Hello altruists,
I am new to this domain and trying to understand a block of model. I am looking into the code for a paper named “CenterNet: Objects as Points”. Let’s say we have feature from the backbone and the shape of feature = [12, 256, 100, 100]. Now, this feature is fed into the below block:
bbox_tower= Sequential(
Conv2d(256, 256, kernel_size=(3, 3), stride=(1, 1), padding=(1, 1))
GroupNorm(32, 256, eps=1e-05, affine=True)
(ReLU()
Conv2d(256, 256, kernel_size=(3, 3), stride=(1, 1), padding=(1, 1))
GroupNorm(32, 256, eps=1e-05, affine=True)
ReLU()
Conv2d(256, 256, kernel_size=(3, 3), stride=(1, 1), padding=(1, 1))
GroupNorm(32, 256, eps=1e-05, affine=True)
ReLU()
Conv2d(256, 256, kernel_size=(3, 3), stride=(1, 1), padding=(1, 1))
(GroupNorm(32, 256, eps=1e-05, affine=True)
ReLU()
)
So, in this block we are doing same convolution 4 times with Group Normalization. I am trying to understand what we are expecting after doing the same convolutions on the feature.

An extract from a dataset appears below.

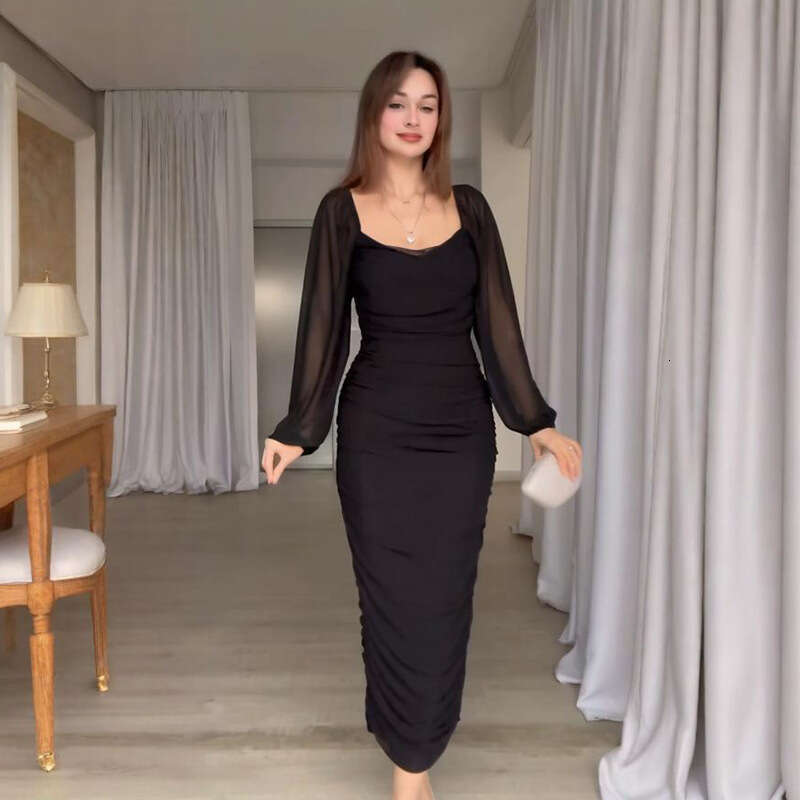 Spring New Women's Pleated Solid Color Waist-Cinching Elegant Fashion Dress B5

Then the output from the bbox_tower is passed to the below block:
agn_hm= Conv2d(256, 1, kernel_size=(3, 3), stride=(1, 1), padding=(1, 1))
I am assuming in the above block class agnostic heatmap is generated from the bbox_tower output. Am I right?
Could anyone please give me a brief idea about the working mechanism of the above code snippet and guide me how exactly we are achieving class agnostic heatmap from the above two module.
Thanks in advance!!!